La consapevolezza di essere «privilegiati, intoccabili e di possedere informazioni in grado di avere un’immensa capacità persuasiva e ricattatoria costituisce il manifesto di questa associazione». Che a un certo punto, però, si sente vulnerabile. A dicembre 2022, riporta l’informativa, il gruppo scopre un’attività della Procura di Torino sul conto della SKP di Daniele Rovini e su altri soggetti legati ad Equalize.

L’analisi forense dei dispositivi di Rovini, rappresentante legale di SKP Servizi di sicurezza, e dell’ingegnere informatico Gabriele Pegoraro «ha portato ad accertare accessi abusivi ai sistemi informatici protetti da misure di sicurezza, carpendo informazioni da pc, tablet e smartphone di soggetti ignari».

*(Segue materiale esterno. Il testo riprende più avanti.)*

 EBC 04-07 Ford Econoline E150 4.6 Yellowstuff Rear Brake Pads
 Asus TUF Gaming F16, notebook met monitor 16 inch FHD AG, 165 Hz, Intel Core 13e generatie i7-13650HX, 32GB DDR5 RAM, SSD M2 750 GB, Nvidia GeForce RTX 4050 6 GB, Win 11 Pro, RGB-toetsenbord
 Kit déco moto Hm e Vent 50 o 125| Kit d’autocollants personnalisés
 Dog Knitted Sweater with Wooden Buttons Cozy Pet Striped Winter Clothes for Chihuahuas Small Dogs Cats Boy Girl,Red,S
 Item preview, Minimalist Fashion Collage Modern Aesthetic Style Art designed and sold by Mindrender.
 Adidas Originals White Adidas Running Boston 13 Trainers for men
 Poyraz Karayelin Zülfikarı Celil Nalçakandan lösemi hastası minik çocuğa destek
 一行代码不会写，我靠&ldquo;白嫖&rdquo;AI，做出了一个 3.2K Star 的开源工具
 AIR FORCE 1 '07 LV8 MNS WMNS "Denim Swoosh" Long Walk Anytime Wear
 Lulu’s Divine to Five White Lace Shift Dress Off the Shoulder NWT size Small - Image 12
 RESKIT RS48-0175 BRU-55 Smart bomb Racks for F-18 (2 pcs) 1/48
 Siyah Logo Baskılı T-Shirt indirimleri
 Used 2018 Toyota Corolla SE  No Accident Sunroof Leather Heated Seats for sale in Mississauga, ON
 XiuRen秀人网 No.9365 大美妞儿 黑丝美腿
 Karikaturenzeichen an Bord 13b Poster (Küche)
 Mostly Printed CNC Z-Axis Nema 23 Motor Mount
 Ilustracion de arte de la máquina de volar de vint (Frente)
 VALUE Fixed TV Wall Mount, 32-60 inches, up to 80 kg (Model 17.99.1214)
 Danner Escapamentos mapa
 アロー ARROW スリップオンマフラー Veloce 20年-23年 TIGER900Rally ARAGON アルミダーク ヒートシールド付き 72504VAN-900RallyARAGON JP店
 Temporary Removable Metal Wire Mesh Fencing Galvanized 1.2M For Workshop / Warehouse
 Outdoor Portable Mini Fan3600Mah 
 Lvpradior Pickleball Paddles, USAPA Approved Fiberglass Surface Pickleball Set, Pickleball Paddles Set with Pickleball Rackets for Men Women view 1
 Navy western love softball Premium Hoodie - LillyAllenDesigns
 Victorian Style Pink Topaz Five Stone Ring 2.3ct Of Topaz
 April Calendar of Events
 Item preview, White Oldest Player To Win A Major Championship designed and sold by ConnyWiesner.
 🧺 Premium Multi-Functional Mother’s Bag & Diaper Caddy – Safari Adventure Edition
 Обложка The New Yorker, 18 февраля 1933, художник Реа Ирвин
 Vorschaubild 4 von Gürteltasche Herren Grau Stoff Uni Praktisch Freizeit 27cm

La collaborazione con Equalize, stando alle carte, si sarebbe concretizzata nel presunto confezionamento di documenti per conto di Paolo e Marco Besana (indagati), figli del fondatore dell’azienda di modellismo Bburago alle prese con una contesa per l’eredità.

Perciò il gruppo di via Pattari si allarma ed «emblematiche sono le contromisure adottate per quanto riguarda il timore di essere oggetto di perquisizione e indagine». I carabinieri intercettano le conversazioni tra Calamucci, gli hacker Massimiliano Camponovo e Giulio Cornelli mentre negli uffici dietro al Duomo «sono intenti a “cremare” i vecchi telefoni, ovvero a resettarli in maniera definitiva».

Dopo di che intervengono «alcune coincidenze», così vengono definite nell’informativa, che impediscono agli investigatori di attivare i servizi di intercettazione nei confronti di Calamucci. Il 18 gennaio, a seguito della cancellazione delle chat, lui e Camponovo sostituiscono i loro cellulari «con un nuovo modello di tecnologia non compatibile con il trojan “0 click” fornito dalla società “GR Sistemi Srl”», il cui partner tecnologico è la società israeliana Bindecy Ltd titolare del sistema denominato Crispr.

Negli atti, pur senza trarre conclusioni, i carabinieri fanno notare che «il cambio dei telefoni dei due indagati è del giorno seguente la riunione tenutasi il tardo pomeriggio del 17 gennaio 2023 presso la Procura della Repubblica di Milano dove si informava della fattibilità circa l’esecuzione del trojan sul telefonino di Calamucci».